**What you will do:** Write the data out again exactly, with no pictures.

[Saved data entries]
%%
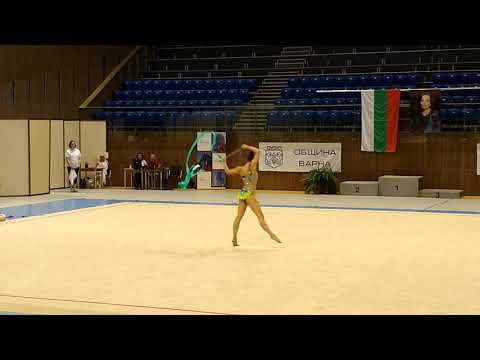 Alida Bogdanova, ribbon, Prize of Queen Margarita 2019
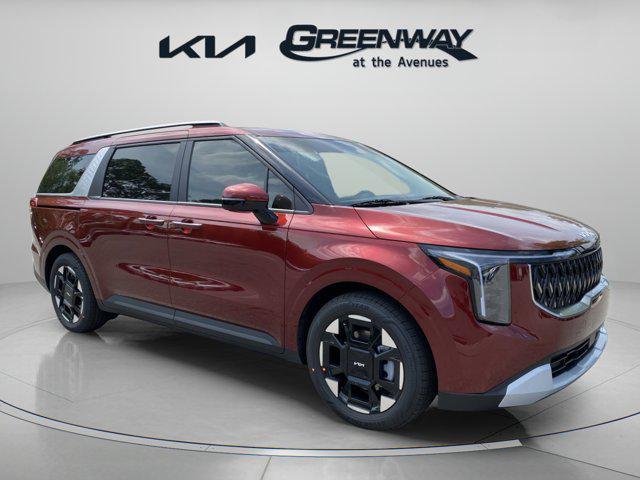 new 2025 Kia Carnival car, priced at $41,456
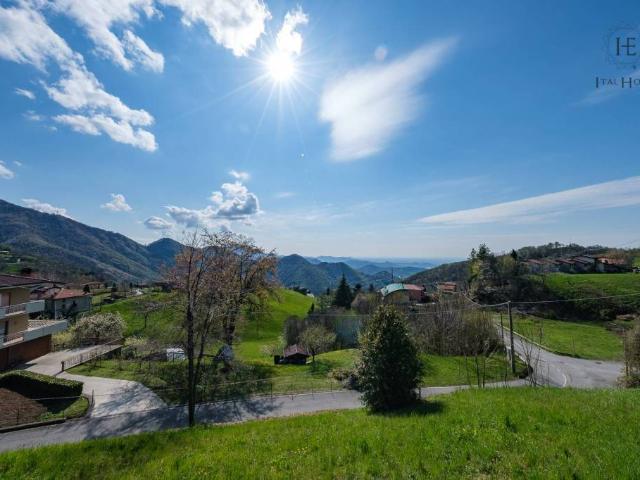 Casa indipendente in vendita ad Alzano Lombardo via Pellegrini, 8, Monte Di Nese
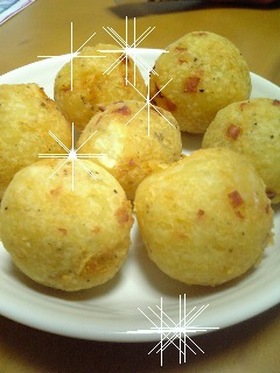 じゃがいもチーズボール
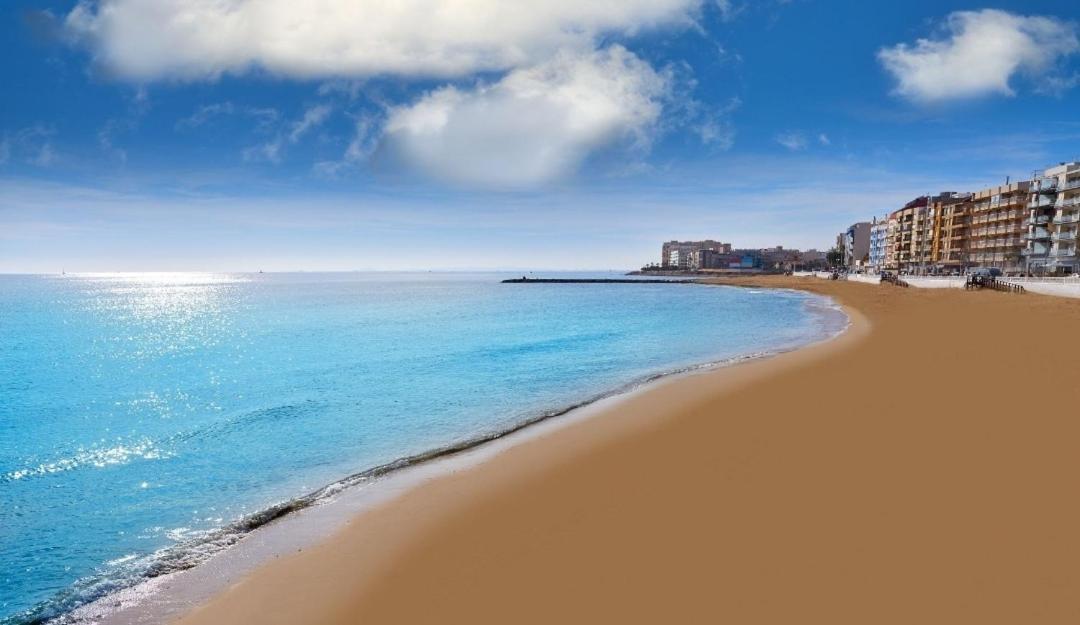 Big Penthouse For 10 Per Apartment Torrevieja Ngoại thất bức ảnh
%%
**Output of the exercise:**
 Alida Bogdanova, ribbon, Prize of Queen Margarita 2019
 new 2025 Kia Carnival car, priced at $41,456
 Casa indipendente in vendita ad Alzano Lombardo via Pellegrini, 8, Monte Di Nese
 じゃがいもチーズボール
 Big Penthouse For 10 Per Apartment Torrevieja Ngoại thất bức ảnh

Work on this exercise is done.